Hall & Oates’ “Rich Girl” begins with the super-catchy chorus, leaving you waiting eagerly for it to come back around again.

Treat the intro as a preview of what’s to come

Try taking a few tantalising instrumental lines or reversing a drumbeat for the first couple of bars of your song. The listener will be intrigued, and when the sampled elements return later, the ear will latch onto the familiar notes. “Everybody Wants To Rule The World” by Tears for Fears begins with the twinkling synth, rolling guitar line and a single held vocal note that later triumphantly repeats.

The Weeknd’s “Blinded By The Light”, the second-most streamed track on Spotify, starts with an eerie remix of the main riff before it properly kicks in for the first time.

Start off weird

Nobody said a song has to start with any notes or beats whatsoever.
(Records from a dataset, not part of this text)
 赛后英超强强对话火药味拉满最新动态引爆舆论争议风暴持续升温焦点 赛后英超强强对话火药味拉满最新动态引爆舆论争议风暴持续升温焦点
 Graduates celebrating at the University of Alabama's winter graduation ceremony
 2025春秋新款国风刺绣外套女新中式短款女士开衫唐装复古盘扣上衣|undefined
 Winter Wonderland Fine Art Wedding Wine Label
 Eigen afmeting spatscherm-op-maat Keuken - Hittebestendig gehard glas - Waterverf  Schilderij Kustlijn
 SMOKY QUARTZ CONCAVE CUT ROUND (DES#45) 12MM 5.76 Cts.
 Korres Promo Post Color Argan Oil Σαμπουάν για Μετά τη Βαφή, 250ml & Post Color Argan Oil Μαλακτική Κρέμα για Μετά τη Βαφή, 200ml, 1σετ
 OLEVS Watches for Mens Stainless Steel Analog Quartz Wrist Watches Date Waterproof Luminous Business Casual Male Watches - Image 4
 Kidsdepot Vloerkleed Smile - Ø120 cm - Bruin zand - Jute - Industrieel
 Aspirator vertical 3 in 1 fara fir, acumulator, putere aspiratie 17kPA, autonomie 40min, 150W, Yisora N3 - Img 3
Try drawing attention by using sound effects. Pink Floyd’s “Money” aptly opens with the sound of a cash drawer.

Great intros have been known to start with a guttural cry, as in the Libertines’ “Up The Bracket” or “Cry Baby” by Janis Joplin, or the triumphant “WHOA!” that begins James Brown’s “I Feel Good.”

The dorky vocal effect at the beginning of The Offspring’s “Pretty Fly For a White Guy” sets the mocking tone of the song, as well as pricking up listener’s ears.

Start off simple

Try starting your song with just a couple of elements, like just the vocal or a drumbeat, before building up the instrumental parts, making the listener curious as to what’s coming next. Blur’s “Song 2” begins with an intriguing tick-tocking drumbeat, whilst “Everlong” by Foo Fighters leads in with a quiet guitar before the rest of the band gradually enter.

The piano note at the beginning of My Chemical Romance’s “Welcome to the Black Parade” builds more drama by being hauntingly simple.

The irresistible “September” by Earth, Wind & Fire assembles part by part before the horns hit.

The dominance of social media and the age of streaming means long artistic intros are out. With TikTok’s influence on the music charts, it’s more and more common for producers to start a song with a hook, hoping to attract widespread use in social media content and spark a trend.

Listeners are likely to skip when a song is unfamiliar and they’re feeling particularly fickle. How you produce your track’s introduction depends on the style of music you’re making, but if you’re eyeing playlist adds and a high play count it pays to think cynically about how to start a song.

But as the above examples show, there’s no one successful way to write a song intro. Feeling lost? The best route is to listen to as much music as possible to get inspired, and analyse the parts you have already written, to see what elements might work best to announce the arrival of your track.

Now, check out our pick of the best song intros of all time!

Got that intro nailed and your song mixed and mastered to perfection? RouteNote can get your song on all the major stores streaming platforms and stores, so that you can start making money from music. The best part is, it’s completely free. Find out more and sign up today here.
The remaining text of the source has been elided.